Desde 2002, la derecha colombiana emprendió una campaña de polarización alrededor del conflicto en la que radicalizó su discurso. Nació una narrativa muy efectiva para descalificar a contradictores acusándoles de complicidad con el terrorismo. Así surgieron ataques desafortunados contra medios de comunicación calificados por el entonces vicepresidente Francisco Santos «como cajas de resonancia de las FARC». El propio Uribe, montado en una ola de popularidad sin antecedentes, llegó a acusar a Carlos Lozano, director del semanario Voz, de «cómplice y vocero de la guerrilla».  Son bien conocidos los episodios en que el gobierno impuso la lógica de que cualquier crítica al establecimiento era una señal de connivencia con el terrorismo. Ahora bien, en esa estrategia nacionalista, no se vieron las dosis de racismo, aporofobia y clasismo como las que actualmente marcan el discurso de determinados sectores de la política colombiana. Dicho de otro modo, si bien el uribismo convocaba por la polarización, no había sido tan clasista como en estos tiempos.

En particular sobresalen los ataques e insultos contra Francia Marquez, fórmula vicepresidencial de Gustavo Petro. Descalificaciones por su aspecto físico o condición afro, temas que en nada tienen que ver con lo buena o mala política que pueda ser, y que constituyen una invitación constante a la discriminación.
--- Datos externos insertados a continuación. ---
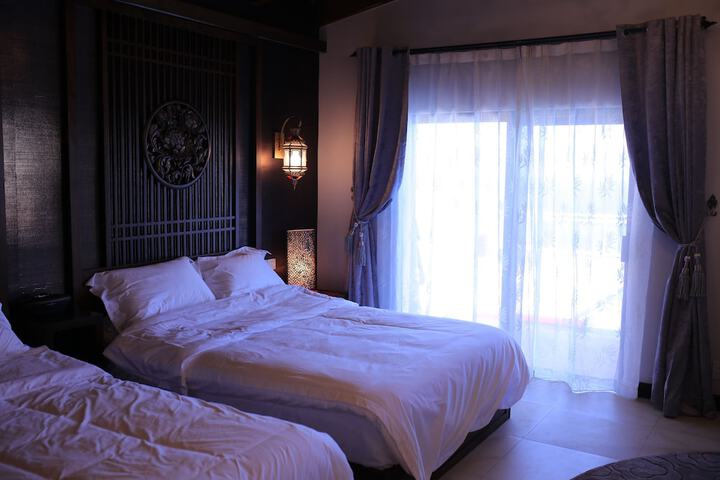 Room 5 of 42
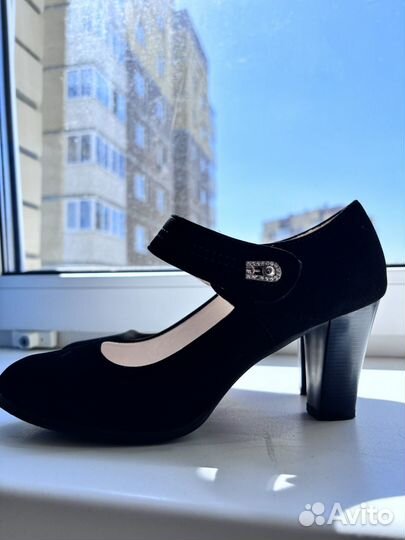 Туфли женские 39 размер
La senadora electa María Fernanda Cabal conocida por sus polémicos trinos, atacó a Márquez indicando que debía cambiarse el nombre pues refería un «imperio colonizador esclavista». En esa misma línea, una cantante la comparó con «King Kong». Las figuras ofensivas, denigrantes y racistas deben llamar la atención sobre la «etnización» y «racialización» de la política, tendencia riesgosa para la democracia que, en otros contextos, como en el África Subsahariana o en Europa se ha buscado evitar a toda costa, pues han derivado en violencia y discriminaciones. Semejantes declaraciones no tienen antecedente reciente en América Latina, salvo en el caso de Jair Bolsonaro conocido por su carácter racista y misógino. Alguna vez declaró que «los afrodescendientes no hacen nada. Ni como reproductores sirven». Bajo una lógica similar, un influenciador y periodista cercano al Centro Democrático ha apuntado en varias ocasiones contra la izquierda con trinos que claramente hacen honor a la aporofobia o desprecio por la pobreza. En la reunión del Pacto Histórico sugirió que se habrían robado billeteras, relojes y celulares e incluso se refirió a Dilan Cruz, asesinado en las protestas de noviembre de 2019, en términos despectivos. Claro está, esto no significa justificar el trino de Gustavo Petro en su contra calificándolo de «neonazi». Los políticos deben dar ejemplo de mesura y no pueden contestar con la misma moneda.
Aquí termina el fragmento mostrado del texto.